Outra advertência importante de Jesus tem a ver com “escândalo“. Na Bíblia, “escândalo” não indica um mau exemplo ou um fato ultrajante, mas uma “armadilha“, algo que faz as pessoas tropeçarem. Jesus foi considerado um escândalo por seus adversários, porque seus ensinamentos os perturbavam, os faziam duvidar… Aqui Jesus pensa naqueles que impedem a fidelidade a ele e à sua palavra, fazem cair no pecado, separam da fé, não permitem “entrar na vida“. Os “pequeninos” que acreditam em Jesus são os membros mais fracos da comunidade. 

Com frases muito ásperas, típicas da cultura judaica, Jesus menciona no Evangelho de hoje a mão, o pé, o olho.

  • A MÃO: simboliza a atividade, o que fazemos. Se nossas obras nos fazem tropeçar, convém cortá-las, para não cair no lixo. A má obra, o atuar com intenções perversas ou erradas, nos leva ao tropeço, nos separa do Reino.
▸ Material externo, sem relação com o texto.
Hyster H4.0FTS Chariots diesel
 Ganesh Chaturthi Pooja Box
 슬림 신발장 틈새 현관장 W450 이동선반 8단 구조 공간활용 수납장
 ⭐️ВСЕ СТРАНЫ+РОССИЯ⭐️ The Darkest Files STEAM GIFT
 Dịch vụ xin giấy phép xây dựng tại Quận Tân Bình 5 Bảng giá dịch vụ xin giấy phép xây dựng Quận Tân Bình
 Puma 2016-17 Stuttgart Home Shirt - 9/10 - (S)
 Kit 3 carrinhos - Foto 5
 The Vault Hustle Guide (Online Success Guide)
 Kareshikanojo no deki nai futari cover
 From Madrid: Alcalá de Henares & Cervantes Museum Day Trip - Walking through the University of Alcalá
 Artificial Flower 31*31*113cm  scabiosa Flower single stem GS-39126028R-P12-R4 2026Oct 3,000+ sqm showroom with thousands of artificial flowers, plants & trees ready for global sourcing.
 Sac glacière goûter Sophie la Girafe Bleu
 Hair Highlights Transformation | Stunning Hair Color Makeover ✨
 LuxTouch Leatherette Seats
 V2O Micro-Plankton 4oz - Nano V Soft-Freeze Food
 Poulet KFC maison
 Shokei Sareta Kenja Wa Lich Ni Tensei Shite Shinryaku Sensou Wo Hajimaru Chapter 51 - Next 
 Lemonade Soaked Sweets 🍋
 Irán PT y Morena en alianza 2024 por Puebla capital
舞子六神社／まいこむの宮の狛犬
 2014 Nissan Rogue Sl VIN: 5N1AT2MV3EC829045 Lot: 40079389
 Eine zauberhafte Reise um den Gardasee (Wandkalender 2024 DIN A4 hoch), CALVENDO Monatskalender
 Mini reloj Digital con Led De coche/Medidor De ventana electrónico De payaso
SE TUA MÃO TE LEVA A PECAR, CORTA-A!
  • O PÉ está relacionado com o caminho, uma vez que os caminhos (objetivos) determinam para onde vamos, bem como quem seguimos (modelos). O “caminho” é, na cultura semítica e em muitas outras, símbolo do modo de vida. Se nosso estilo de vida nos faz tropeçar, nos desvia dos caminhos de Deus… é conveniente uma boa poda. SE TEU PÉ TE LEVA A PECAR, CORTA-O!
  • OS OLHOS: várias citações do Antigo Testamento associam os olhos a um estilo de vida arrogante, egoísta e que se apega às riquezas. O olho é um símbolo da relação com os bens materiais; um olho bom / saudável não é ganancioso nem invejoso; um olho mau / doente é aquele que cobiça e mantém tudo para si mesmo, deseja desordenadamente. Se nossa relação com as riquezas ou bens nos fazem tropeçar, se existimos para acumular e não compartilhar, se nossas ambições e desejos não são adequados… vamos acabar na “lata de lixo”, e perderemos o Reino, que é a plenitude da vida compartilhada. SE TEU OLHO TE LEVA A PECAR, ARRANCA-O!

Ao final podemos dizer:

“Se o seu modo de agir (mão) o coloca em perigo – faz você viver desde e para a ambição -, mude. Se você for pelo caminho errado (pé), que não leva à entrega e ao atendimento, mude o rumo. Se os seus desejos (olhos) não estão na mesma linha de serviço amoroso a todos, transforme-os”.

Escandaliza quem, com suas ações, dificulta a vida digna e humana dos outros. Embora o aviso vá a todos, tem a ver principalmente com aqueles que têm responsabilidades, por exemplo, neste sistema econômico injusto, com a má gestão política e a corrupção, com maus exemplos de vida… desumanizantes. Ouvimos a advertência do Apóstolo Tiago na segunda leitura: “Olha a jornada de vossos trabalhadores… Vós vivestes com luxo na terra”…  E também, naturalmente, para aqueles que têm responsabilidades pastorais, educativas…

Em fim. Como disse Moisés: Tens ciúmes por mim? Quem dera que todo o povo do Senhor fosse profeta, e que o Senhor lhe concedesse o seu espírito! Que ninguém do Povo do Senhor se escandalize! Quem me dera que o centro da Igreja (e da sociedade) fossem sempre as necessidades dos pequenos!